La comtesse d’Albany accourut. Elle trouva Alfieri respirant à peine et à demi suffoqué. Elle l’invita alors à essayer de se coucher ; il se leva aussitôt, chancelant et lui tendant la main, marcha vers son lit, s’y laissa tomber en poussant un gémissement ; bientôt sa vue s’obscurcit, ses yeux se fermèrent. La comtesse qui à genoux près de lui tenait une de ses mains dans les deux siennes, sentit un faible serrement ; puis elle entendit un faible et long soupir ; c’était le dernier souffle du poëte : Alfieri était mort.

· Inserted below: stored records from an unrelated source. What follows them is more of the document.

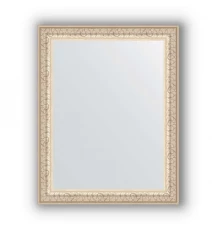 Зеркало в багетной раме Evoform Definite BY 1342 37 x 47 см, мельхиор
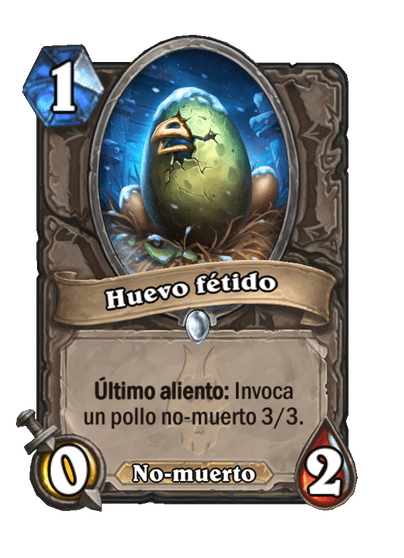 Huevo fétido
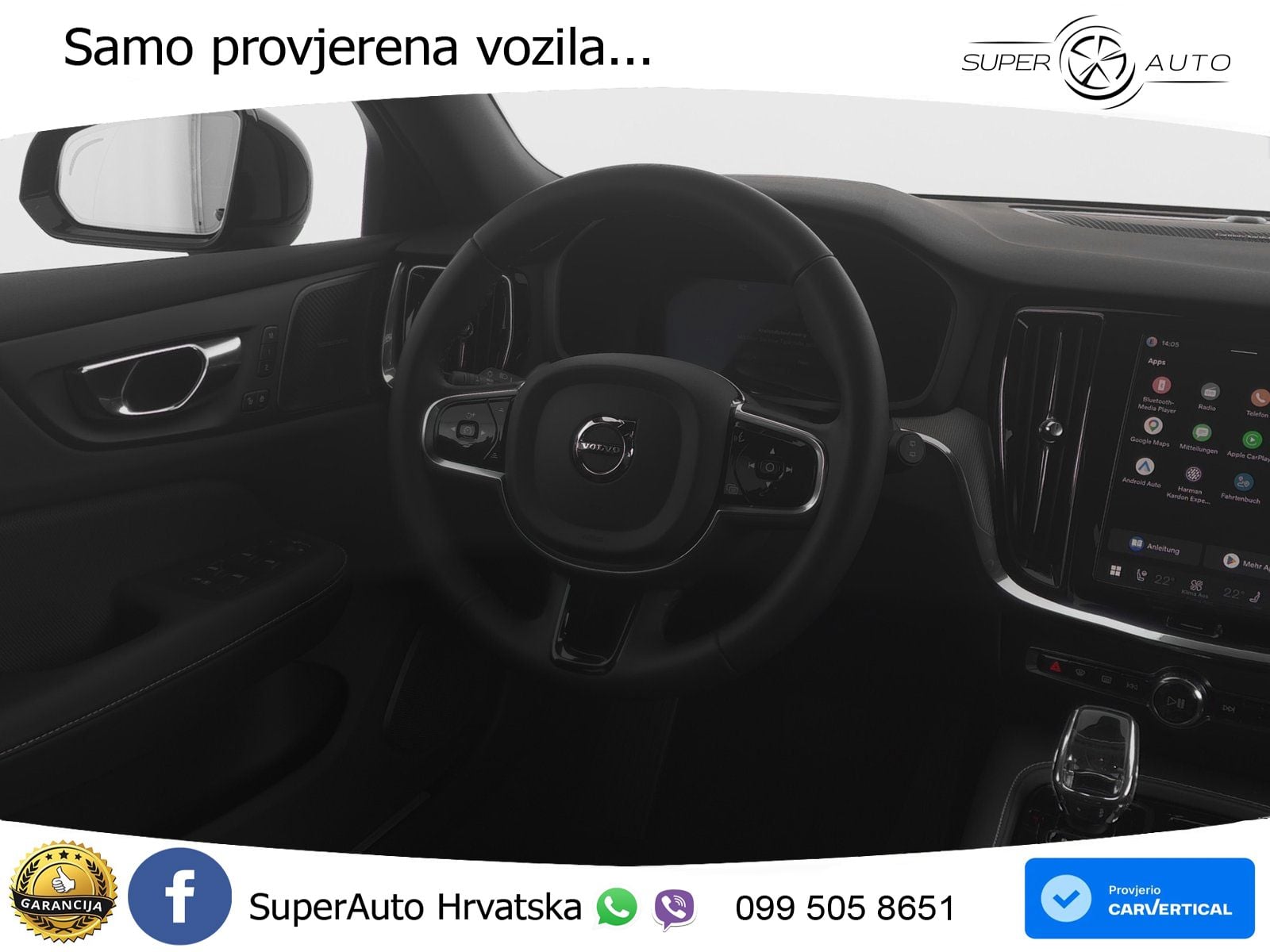 Volvo V60 2.0 T8 AWD Geartronic LED+GR SJED+ACC
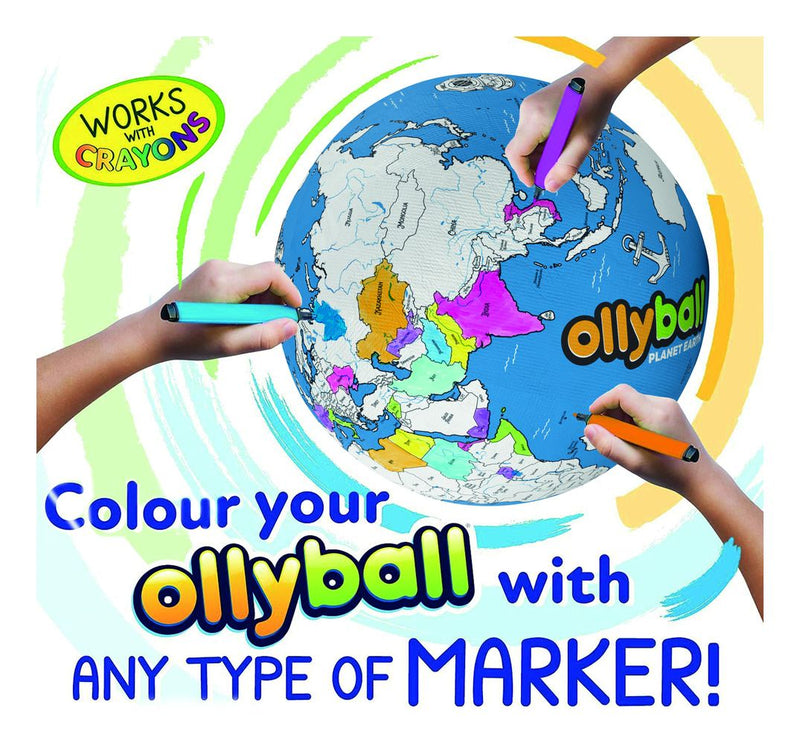 Ollyball Steam Mega Sized Planet Earth - Image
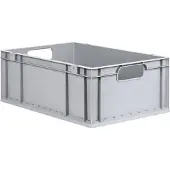 Allit 456813, opbergbox ProfiPlus EuroEco O622, grijs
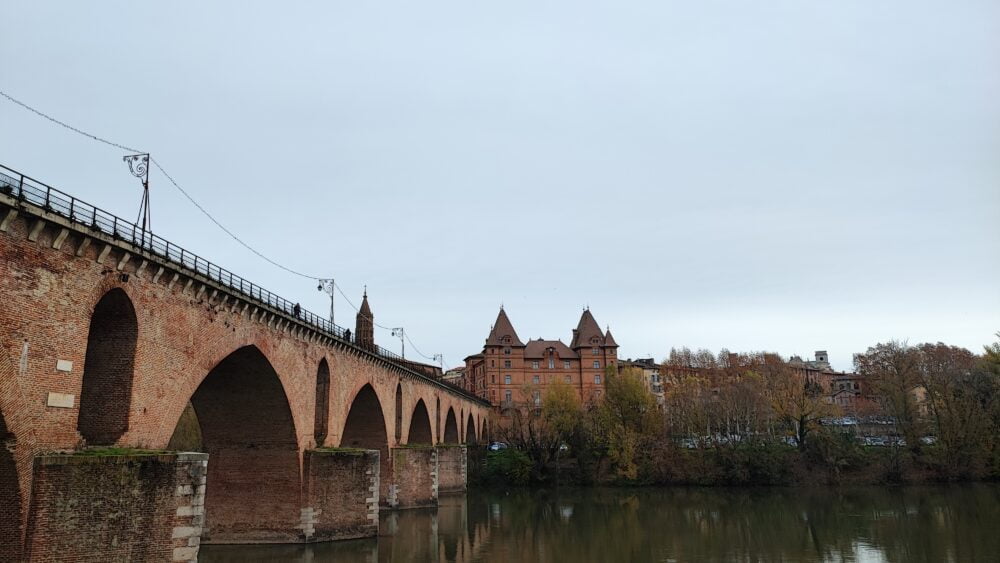Montauban old bridge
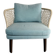 Emma lounge chair, Italian design by Monica Armani for Varaschin.
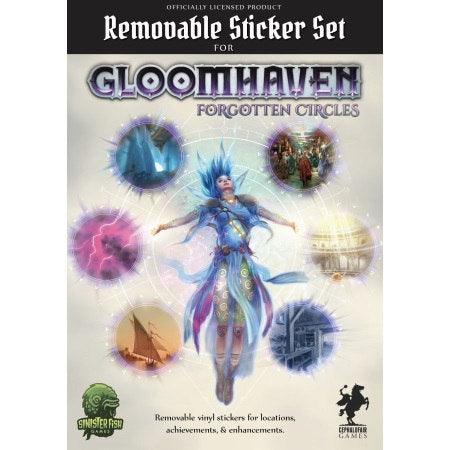 Gloomhaven: Forgotten Circles - Removable Sticker Set - Boardlandia
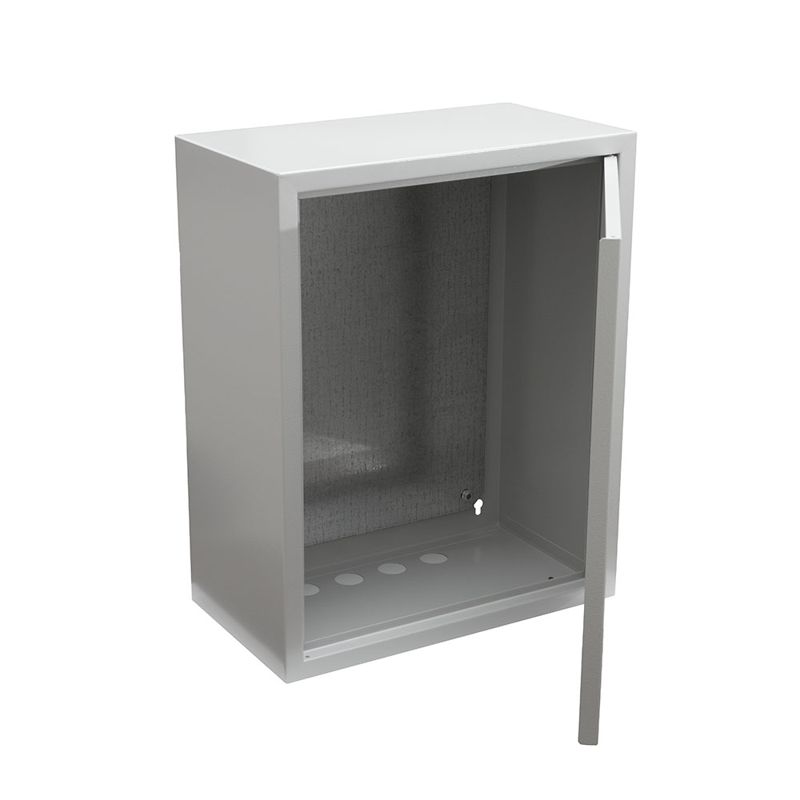 корпус металлический с монтажной панелью стандарт щмп-2-0 ip31 500х400х220 промрукав pr08.26440 от BTSprom.by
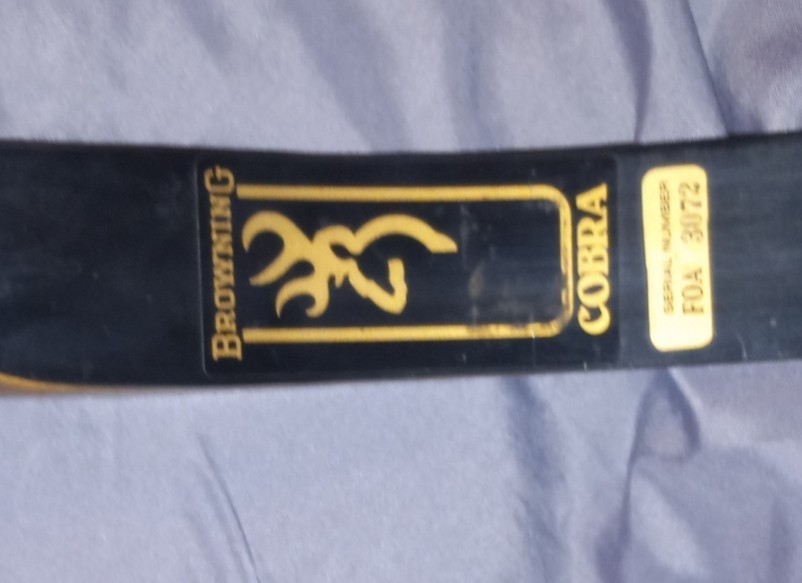 Vintage Browning Cobra Compound Bow ,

Au moment où les Français envahirent la Toscane, Alfieri, exagéré comme toujours, avait résolu de les attendre comme autrefois les sénateurs romains attendirent les Gaulois sur leurs chaises curules, ne doutant pas que la mort ne dût être le prix de son courage. Il avait fait alors son épitaphe et celle de la comtesse d’Albany. Les voici toutes deux :

ÉPITAPHE D’ALFIERI.

Ici repose enfin

Victor Alfieri d’Asti,

Ardent adorateur des Muses,

Esclave de la seule vérité,

Par conséquent odieux aux despotes

Qui commandent et aux lâches qui obéissent.